PCA Cyber Security told Blapping Computer that he informed Volkswagen, Mercedes-Benz and Skoda about the weaknesses and gave them enough time to apply the patch, but researchers did not get any response from vendors about addressing the issues.
Bleepingcomputer has contacted three vehicle manufacturers whether they have pushed the improvements of Opensynergy. There was no immediate Mercedes statement and Volkswagen said that after knowing about the issues, he immediately started investigating the effects and methods to remove the risks.
A spokesman from Volkwagen told us, “The investigation revealed that under certain conditions it is possible that you should connect with the infotainment system of the vehicle through Bluetooth without any authority.”
The German car manufacturer said that taking advantage of the weaknesses is possible only when many conditions are fulfilled at the same time:
- The attacker is within a maximum distance of 5 to 7 meters from the vehicle.
- The ignition of the vehicle should be switched.
- The infotainment system should be in pairing mode, that is, the vehicle user should be actively added to a Bluetooth device.
- The vehicle user should actively approve the outer Bluetooth access of the attacker on the screen.
Even if these conditions occur and an attacker connects to the Bluetooth interface, then “they should stay within a maximum distance of 5 to 7 meters from the vehicle” to maintain access, the Volkswagen representative said.
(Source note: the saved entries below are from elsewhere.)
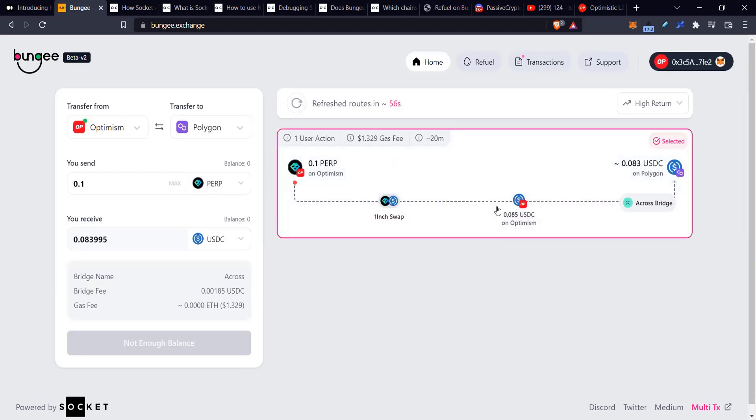But what I would like to see is some swaps after the bridge. Then you could do a lot more with this, and you could receive tokens on other chains that are of more use to you in that sense. That's pretty much it for this. I hope this has been useful.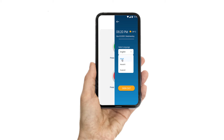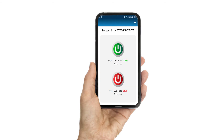We have four different language choices; you can choose one according to your requirement. Click the on button if you want to turn on the solar pump remotely, or click on the off button if you want to turn off the solar pump remotely.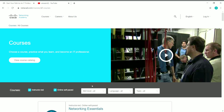You can filter courses by skill level — beginner, intermediate, or advanced — as well as by language or topic. There are two learning types: instructor-led and online self-paced. We are going to look only at the online self-paced courses, because only those are available for free. Let's uncheck instructor-led.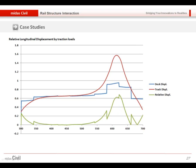From these two graphs, we are able to get the relative displacement between the two, as you can see here. This relative displacement should satisfy the requirements of the standard. As you can see, our relative displacement is about 0.6 to 0.7 millimeters, so it is within satisfaction.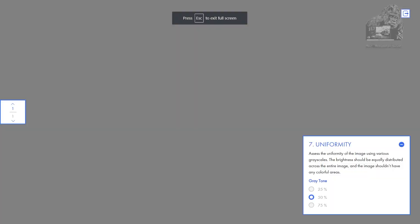This is the uniformity test. It tries to see if there are any fluctuations in color. It wants to make sure that if brightness is set at a certain level, it's even across the screen from left to right, up and down.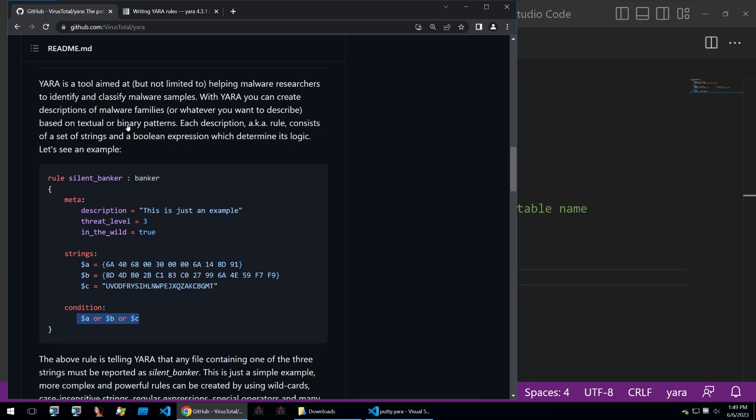Yara rules are a way to identify and classify malware. This is done by generating rules which look for specific data within a binary and then creating conditions on that data to classify the binary as a certain malware family.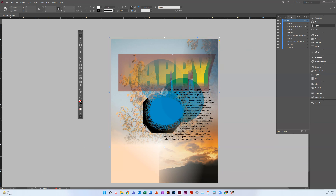Basically, a lot of this ties into something called Pathfinder. In the next video, I'm just going to show you how to place an image within some text.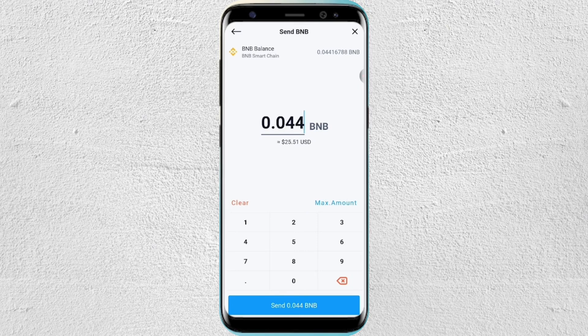Paste the wallet address and tap on next, then tap on got it. From here, type in the amount of BNB that you want to send. After that, just tap on send at the very bottom. And that's pretty much it — that's how you can send crypto on the on-chain wallet.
The seller underlined that in the case of a successful exploitation, a hacker cannot interfere with important vehicle tasks such as steering, driver assistance, engine, or brakes because they are “on a separate control unit protected against external intervention by their own safety functions.”
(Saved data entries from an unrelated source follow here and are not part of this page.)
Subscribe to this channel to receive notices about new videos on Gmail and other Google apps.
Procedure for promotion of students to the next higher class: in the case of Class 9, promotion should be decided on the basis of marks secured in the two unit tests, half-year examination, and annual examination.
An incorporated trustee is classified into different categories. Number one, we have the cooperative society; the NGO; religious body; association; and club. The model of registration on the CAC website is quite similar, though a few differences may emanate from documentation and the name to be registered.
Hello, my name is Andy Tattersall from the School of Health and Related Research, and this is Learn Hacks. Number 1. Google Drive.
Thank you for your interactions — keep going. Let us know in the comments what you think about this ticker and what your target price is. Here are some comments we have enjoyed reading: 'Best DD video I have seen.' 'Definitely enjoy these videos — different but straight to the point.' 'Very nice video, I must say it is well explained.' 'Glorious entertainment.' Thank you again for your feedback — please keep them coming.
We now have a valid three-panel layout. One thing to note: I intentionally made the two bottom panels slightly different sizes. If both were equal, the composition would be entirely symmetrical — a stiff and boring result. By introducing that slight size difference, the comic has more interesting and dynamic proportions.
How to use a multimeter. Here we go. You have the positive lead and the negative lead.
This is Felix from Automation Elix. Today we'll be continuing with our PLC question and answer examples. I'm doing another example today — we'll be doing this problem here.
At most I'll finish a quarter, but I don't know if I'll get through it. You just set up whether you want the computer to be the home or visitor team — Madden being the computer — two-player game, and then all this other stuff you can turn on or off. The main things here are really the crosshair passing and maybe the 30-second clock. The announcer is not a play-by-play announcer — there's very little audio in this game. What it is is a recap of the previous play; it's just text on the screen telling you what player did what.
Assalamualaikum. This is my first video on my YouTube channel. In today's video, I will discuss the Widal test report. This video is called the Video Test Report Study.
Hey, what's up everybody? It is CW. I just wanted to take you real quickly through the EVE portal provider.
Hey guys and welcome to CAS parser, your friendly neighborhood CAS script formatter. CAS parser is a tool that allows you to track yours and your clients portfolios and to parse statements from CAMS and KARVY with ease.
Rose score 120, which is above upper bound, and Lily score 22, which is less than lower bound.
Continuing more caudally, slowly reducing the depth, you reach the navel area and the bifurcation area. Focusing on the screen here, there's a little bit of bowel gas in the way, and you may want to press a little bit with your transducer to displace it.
PCA Cyber Security told Blapping communal that last month he confirmed PerfectBu, in a fourth OEM of the automotive industry, who said Opensergey had not informed him about issues.
Researchers told us, “We decided not to disclose this OEM as they did not have enough time to react.”
“We plan to disclose the details about the complete technical details of Perfektblue in the format of a conference in November 2025 along with this affected OEM.”
Bleepingcomputer has also contacted Opensynergy to inquire about the effect of Perfektblue on its customers and how many are affected, but we have not received answers at the time of publication.
While cloud attacks can be more sophisticated, the attackers still succeed with surprisingly simple techniques.
Drawing by the detection of Vij in thousands of organizations, this report reveals the 8 major techniques used by Claude-Floid danger actors.